The Question of Alienation

Much of the recent comment concerning growing student unrest has tended to account for it in terms of student frustration and alienation due to the bureaucratic aspect of modern education. While we believe that alienation plays a role in student unrest, to say that it is the cause without attempting to explain it is to obscure the real issues and to overlook the underlying factors which produce this alienation.

Early in the UC dispute spokesmen for the FSM voiced their disapproval of the arbitrary and autocratic manner in which the University was run and spoke of the similarities between university and factory. This simile was first projected by Clark Kerr (President of the University of California campuses and chief theoretician for the modern university system). He states:

“The university and segments of industry are becoming more and more alike. As the university becomes tied into the world of work, the professor – at least in the natural sciences and some of the social sciences – takes on the characteristics of an entrepreneur... The two worlds are merging physically and psychologically.”

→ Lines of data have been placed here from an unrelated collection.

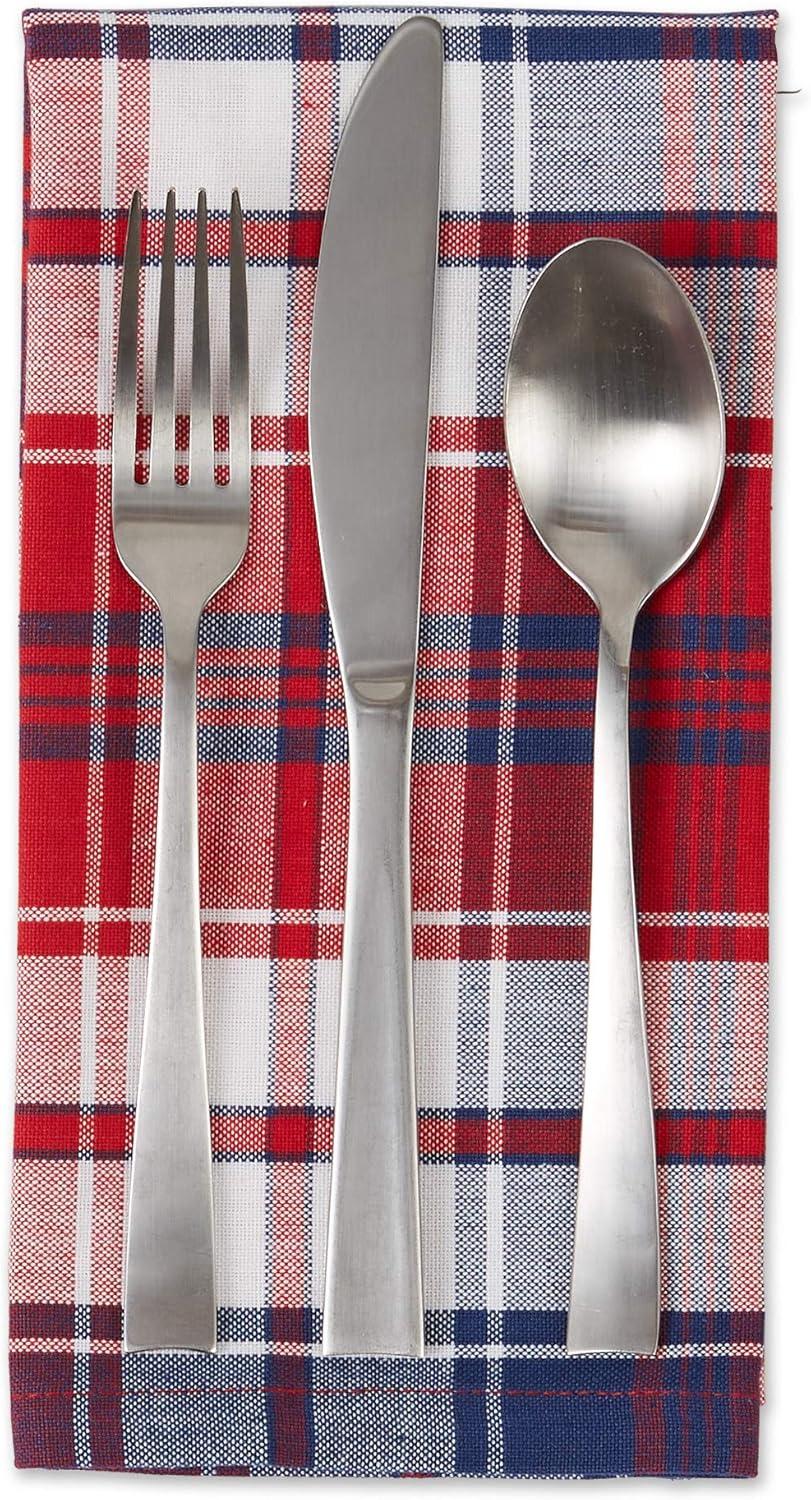 Napkin, Americana Plaid - Set of 6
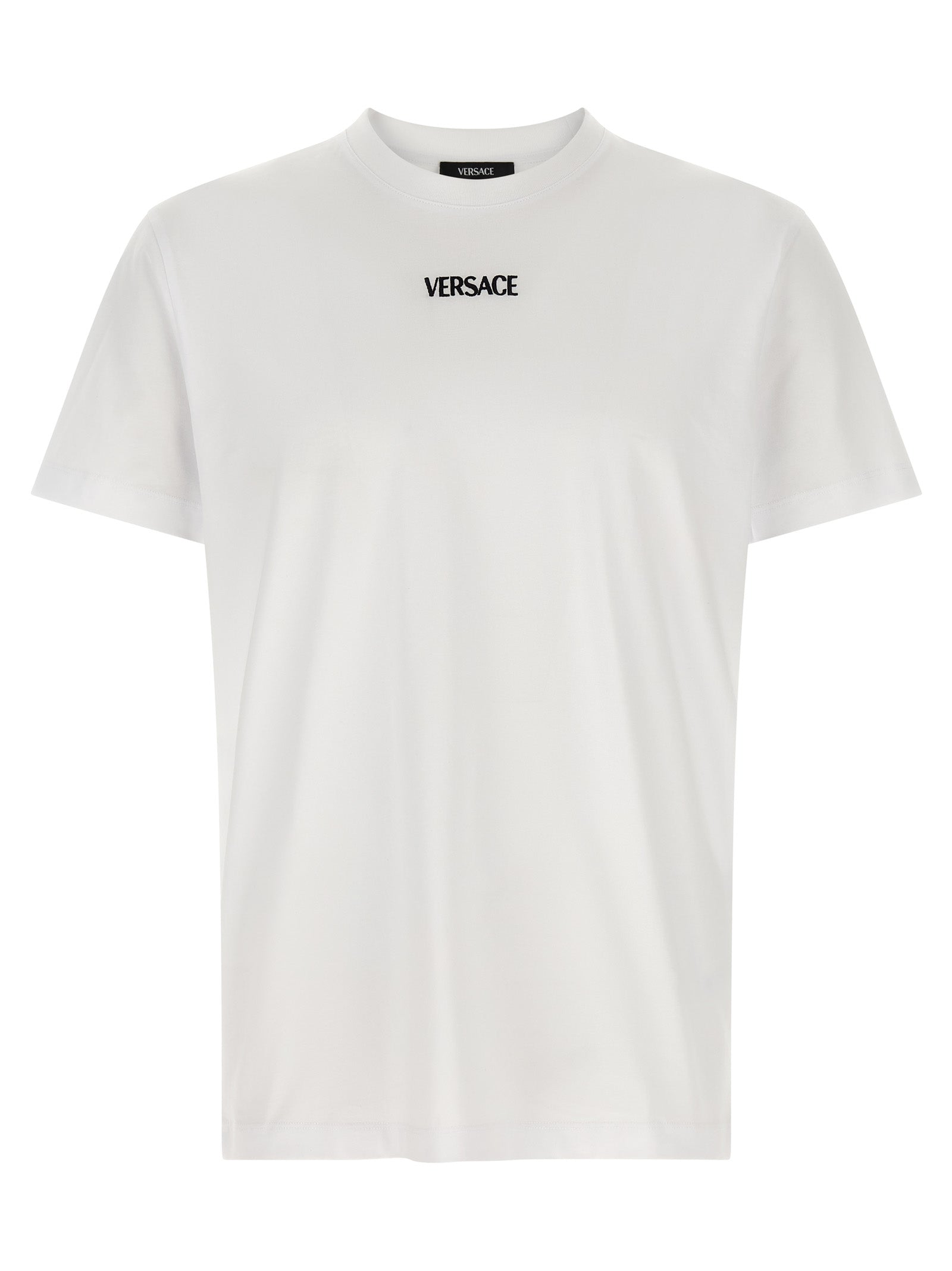 Versace White Cotton Logo T-Shirt for Men
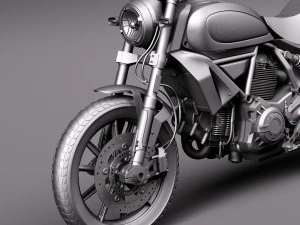Ducati Scrambler Icon 2015 3D Model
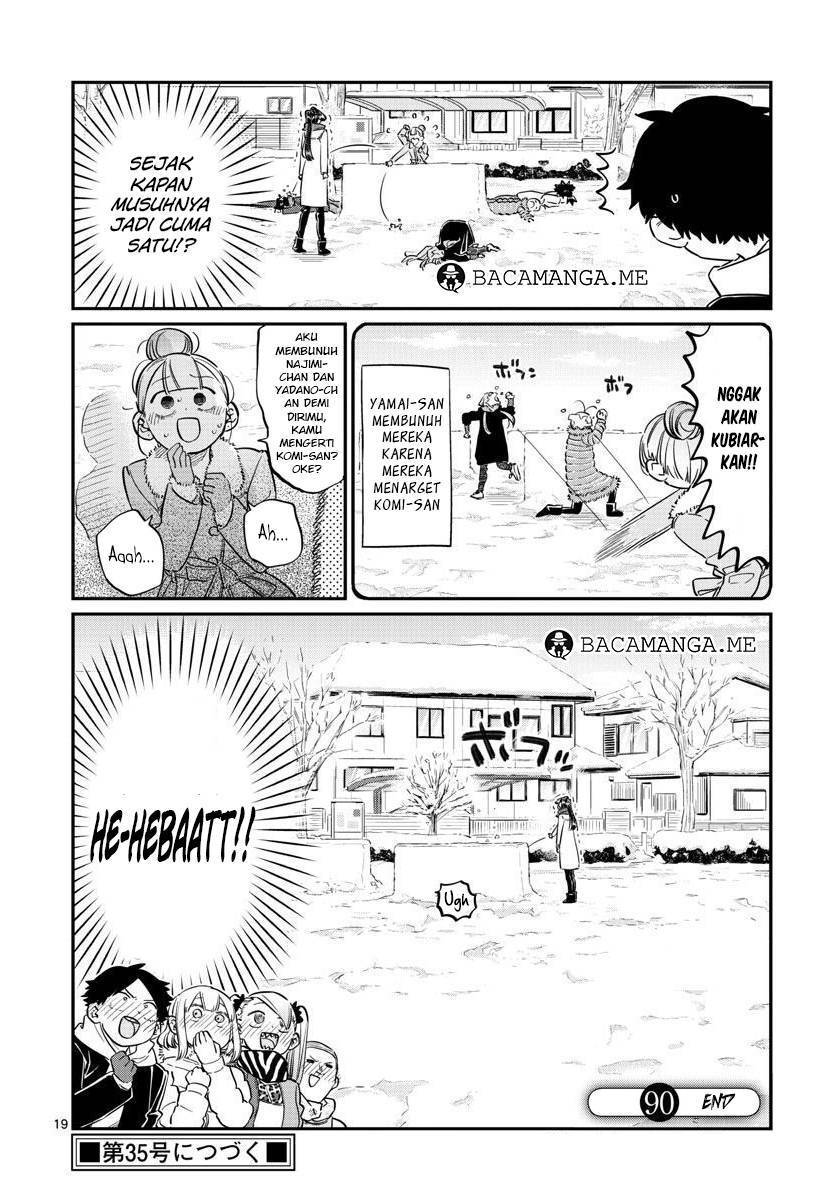 Komi-san wa Komyushou Desu. Chapter 90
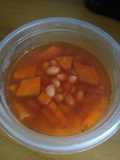 Sopa de alubias con zanahoria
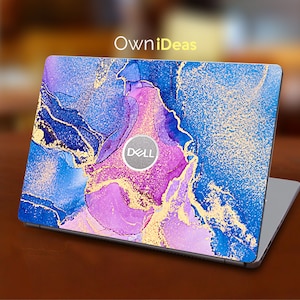 dell xps 15 inch Skin with gold watercolor color Design personalized gifts for him, Fits XPS,Latitude,Inspiron,Vostro,Alienware,Precision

This of course is stating nothing new; it is obvious to all who examine the nature of education in a capitalist system that its function is to serve capital, and it is only to be expected that as capitalism increases its control over society, it will correspondingly increase its control over education. In this sense the modern university becomes a microcosm of the industrial order which it serves: its chief product, knowledge, is as alienated from the student in most cases as is the commodity produced by the worker in a capitalist society. For just as the worker has no control over that which he creates, so too in the case of the student, whose commodity (i.e. knowledge) is not meant to enrich his life but is created for the purpose of serving an industrial order which does not operate in the interest of its servants. Similarly, just as the worker becomes increasingly alienated from the means of production as the industrial order becomes more complex and renders the worker a mere cog in the wheels of industry, the student, due to the increasing degree of specialization in all fields of education, loses track of the wider aspects of intellectual endeavor and receives an education totally lacking any degree of social significance. Finally, just as the alienated labor of the worker under capitalism separates him from his fellow man, the alienated effort of the student in the hectic world of the “knowledge factory” separates the student from his counterparts and largely rules out any opportunity for meaningful behavior. Thus the alienation experienced by the student cannot be separated from the alienation produced by capitalist society of which it is a part.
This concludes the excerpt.